Of course, as with any forecast, there are risks around the outlook. Financial market volatility has risen from the very low levels of recent years. But, so far, investors seem to be taking it in stride and firms tell us the volatility has not thwarted their spending plans. The rise in oil prices and increase in the value of the dollar are worth watching. Geopolitical risks have risen and there is uncertainty around trade, which may not be resolved soon. Assessing the impact of trade developments on the U.S. macroeconomy will ultimately depend on the actions actually taken by the U.S. and its trading partners. But in the meantime, continued uncertainty may also cause businesses and investors to reevaluate their outlook for the U.S. economy and alter their spending in the near term. We will need to continue to monitor the trade situation. On the upside, the tax package and increased federal spending in the U.S. are expected to add to an already healthy level of spending in the second half of this year and next year, but the magnitudes and exact timing are still somewhat uncertain.
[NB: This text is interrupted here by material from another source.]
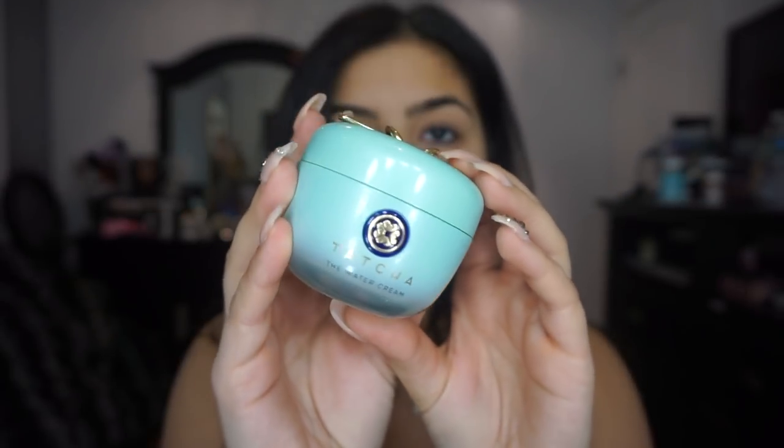Hey guys, welcome back to my channel. Starting off with the moisturizer, I'm using it Touches Water Cream and just digging my nail in there and putting it all over my skin. And for brows we're going to go in with Benefit's Precisely My Brow pencil.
Despite the risks, this is one of the most favorable outlooks we have had in a long time, so one might ask: What are the challenges? The task before monetary policymakers is to calibrate policy to this healthy outlook to meet and maintain our dual mandate goals of maximum employment and price stability. At its meeting earlier this month, the FOMC decided to maintain the target range for the federal funds rate at 1-1/2 to 1-3/4 percent. This was consistent with the strategy the FOMC has followed as progress has been made on our monetary policy goals, namely, to gradually remove the high level of accommodation that was needed to address the Great Recession. Also, at the May meeting, the FOMC continued to implement its plan, initiated last October, to normalize the Fed’s balance sheet in terms of the size and composition of assets.1 The balance sheet grew in size and lengthened in maturity during the Great Recession when the Fed undertook several programs to purchase longer-term assets in order to put further downward pressure on longer-term interest rates.2 We are now allowing maturing longer-term assets to roll off the balance sheet in a gradual and predictable way; this process will take several years to complete.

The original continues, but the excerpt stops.